## Data to process
══════

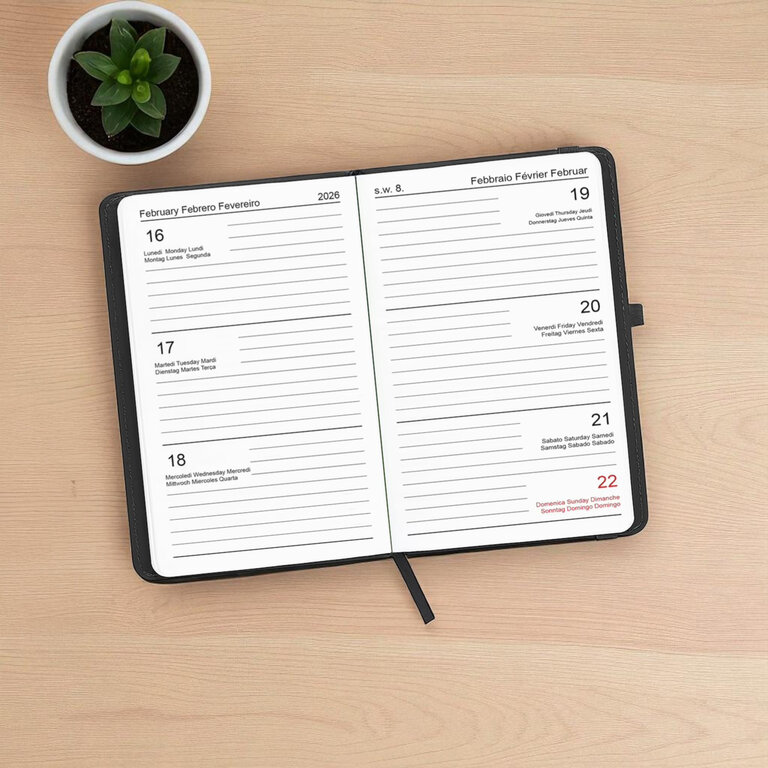 Agenda personnalisé hebdomadaire A6 en PU rigide thermocollé avec piqûres 64 feuilles - Relik Mini | pandacola - 4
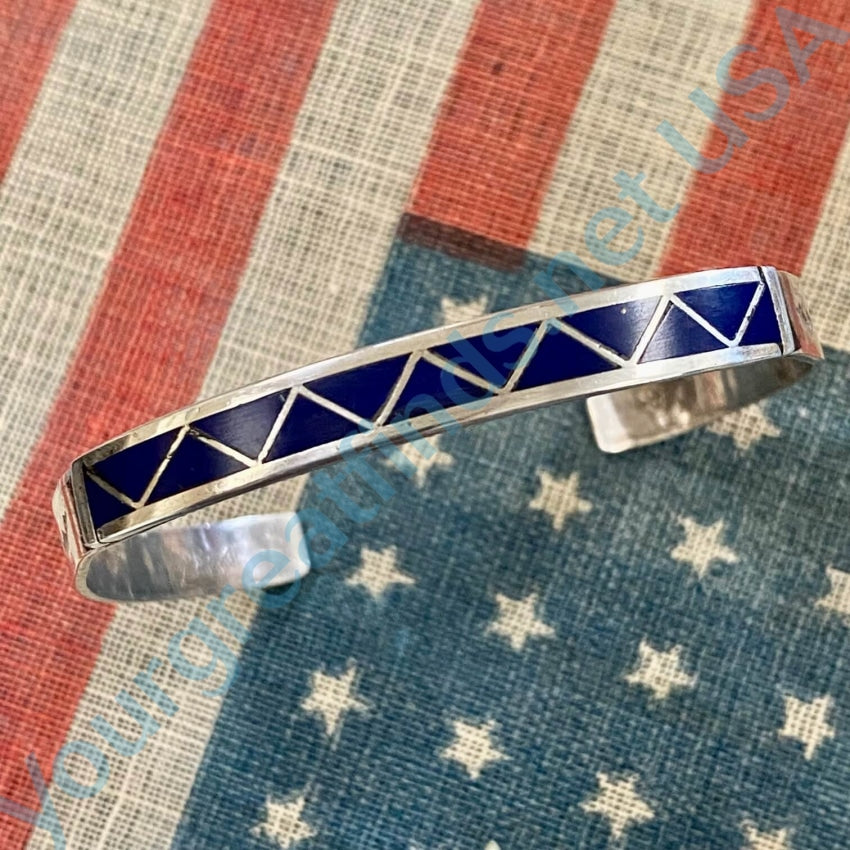 Zuni Sterling Silver Azurite Inlay Cuff Bracelet Bracelets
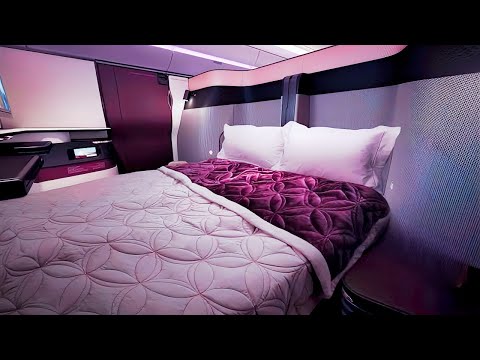 Видео: Лучший в мире бизнес-класс: рейс Qsuite Qatar Airways из Дохи в Токио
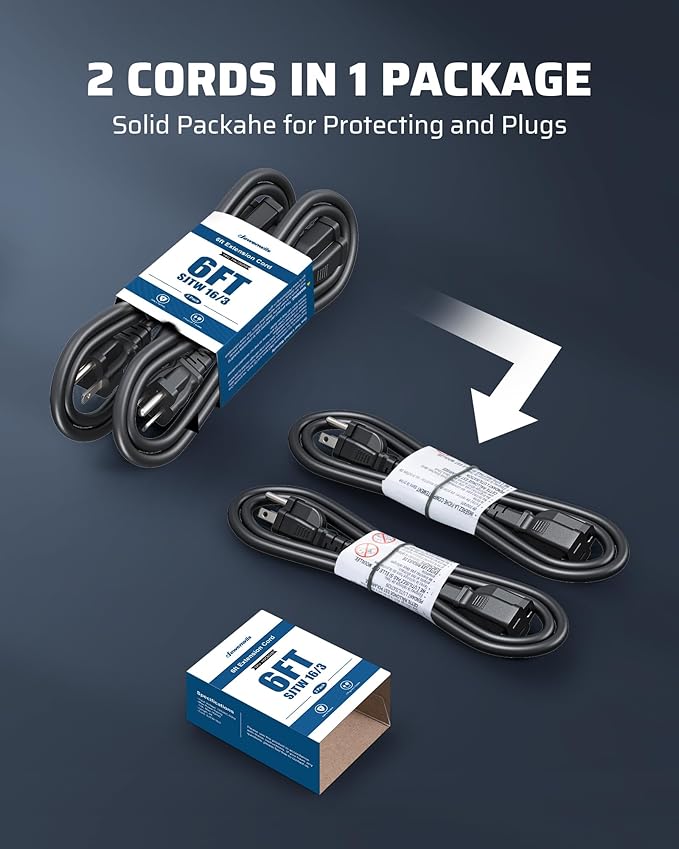 DEWENWILS 2 Pack 6FT Outdoor Extension Cord Waterproof, Short Extension Cord 16 AWG SJTW, NEMA 5-15P to 5-15R, 3 Prong Grounded Plug, for Indoor and Outdoor, ETL Listed, Black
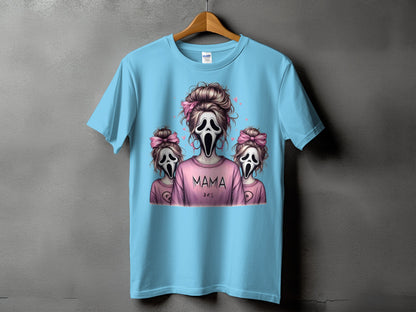 Light blue t-shirt with three ghost figures and "MAMA DES" text.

══════

Please retype, exactly and with the pictures left out, the lines from the line containing "Zuni Sterling Silver" through the last line of the records above.

## Solution for this task
 Zuni Sterling Silver Azurite Inlay Cuff Bracelet Bracelets
 Видео: Лучший в мире бизнес-класс: рейс Qsuite Qatar Airways из Дохи в Токио
 DEWENWILS 2 Pack 6FT Outdoor Extension Cord Waterproof, Short Extension Cord 16 AWG SJTW, NEMA 5-15P to 5-15R, 3 Prong Grounded Plug, for Indoor and Outdoor, ETL Listed, Black
 Light blue t-shirt with three ghost figures and "MAMA DES" text.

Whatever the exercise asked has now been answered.